Fxxk the Recovery Police and do what works for YOU

I’ve been secretly wanting to write this blog for years to challenge some of the views and opinions of a small minority of whom I refer to as the “Recovery Police” present in the recovery community. The Recovery message is supposed to carry hope, yet a silent battle exists within some corners of the recovery community about what works best.

I’m talking about a small minority of people who act like self-appointed gatekeepers of sobriety, armed with rigid rules based on their own lived experience or program. Their intentions may be well-meaning, but their impact can be detrimental.

Addiction already carries its own weight—shame, guilt, and isolation. Must we add more layers of rights and wrongs to the struggle?

Saying this will probably land me in a shit load of trouble with the Recovery Police, but I’m gonna say it anyway.

“There isn’t one treatment or recovery program out there that can guarantee success because any success ultimately depends on YOU and the inside work that YOU do on YOURSELF”.

In this blog, I wanted to throw my two penneth into the conversation about some comments people might hear in the recovery community.

” Follow the Program or Fail”

This myth perpetuates the idea that there’s a universal recipe for recovery and that there is a right or wrong way. There are various approaches people can adopt, but life isn’t a cookie-cutter experience. We all each carry a unique blend of genes, experiences, and set of circumstances, and so our journeys will reflect this diversity.

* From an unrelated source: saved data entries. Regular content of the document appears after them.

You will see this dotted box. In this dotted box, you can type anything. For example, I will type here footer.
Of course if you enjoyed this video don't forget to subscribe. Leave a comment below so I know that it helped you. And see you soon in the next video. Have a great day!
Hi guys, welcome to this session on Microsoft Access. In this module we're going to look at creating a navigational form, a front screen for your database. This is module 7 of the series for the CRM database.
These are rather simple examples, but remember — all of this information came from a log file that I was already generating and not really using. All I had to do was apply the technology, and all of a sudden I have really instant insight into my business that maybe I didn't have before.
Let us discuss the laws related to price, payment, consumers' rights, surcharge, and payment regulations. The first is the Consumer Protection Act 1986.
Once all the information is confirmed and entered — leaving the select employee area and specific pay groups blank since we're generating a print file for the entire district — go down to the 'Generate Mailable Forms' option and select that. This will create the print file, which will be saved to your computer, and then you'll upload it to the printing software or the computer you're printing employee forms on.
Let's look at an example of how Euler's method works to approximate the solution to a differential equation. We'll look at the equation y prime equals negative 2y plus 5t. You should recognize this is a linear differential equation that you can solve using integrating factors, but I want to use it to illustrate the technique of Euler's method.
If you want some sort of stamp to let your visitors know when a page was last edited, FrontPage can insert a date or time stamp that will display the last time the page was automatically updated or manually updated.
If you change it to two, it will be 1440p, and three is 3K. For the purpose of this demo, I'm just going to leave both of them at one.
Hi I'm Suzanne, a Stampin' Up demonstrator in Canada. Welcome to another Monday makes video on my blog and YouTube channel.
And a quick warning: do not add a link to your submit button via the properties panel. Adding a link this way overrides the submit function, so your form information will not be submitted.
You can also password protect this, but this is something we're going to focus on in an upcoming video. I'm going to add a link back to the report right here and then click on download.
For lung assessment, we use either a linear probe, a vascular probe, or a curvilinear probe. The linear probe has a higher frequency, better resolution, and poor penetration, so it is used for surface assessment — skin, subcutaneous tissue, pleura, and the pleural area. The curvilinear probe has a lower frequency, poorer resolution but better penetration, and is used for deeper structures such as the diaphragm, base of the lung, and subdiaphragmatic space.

“You cannot say you are in recovery unless you are abstaining from ALL mind-altering substances.” – For the Abstainers, this is true.

I won’t and cannot deny that millions of people have found solace in complete abstinence. Their path is clear and unwavering; this works for them, and that’s amazing. But for some people, this can sometimes feel like an unrealistic quest. Everyone is unique, so it makes sense that their recovery journey will be unique to them, too. I know of people who aren’t visible in the community and have sought out healing in alternative ways, like getting support from hypnotherapists, exploring their spirituality, participating in activities such as yoga and art, or connecting with nature.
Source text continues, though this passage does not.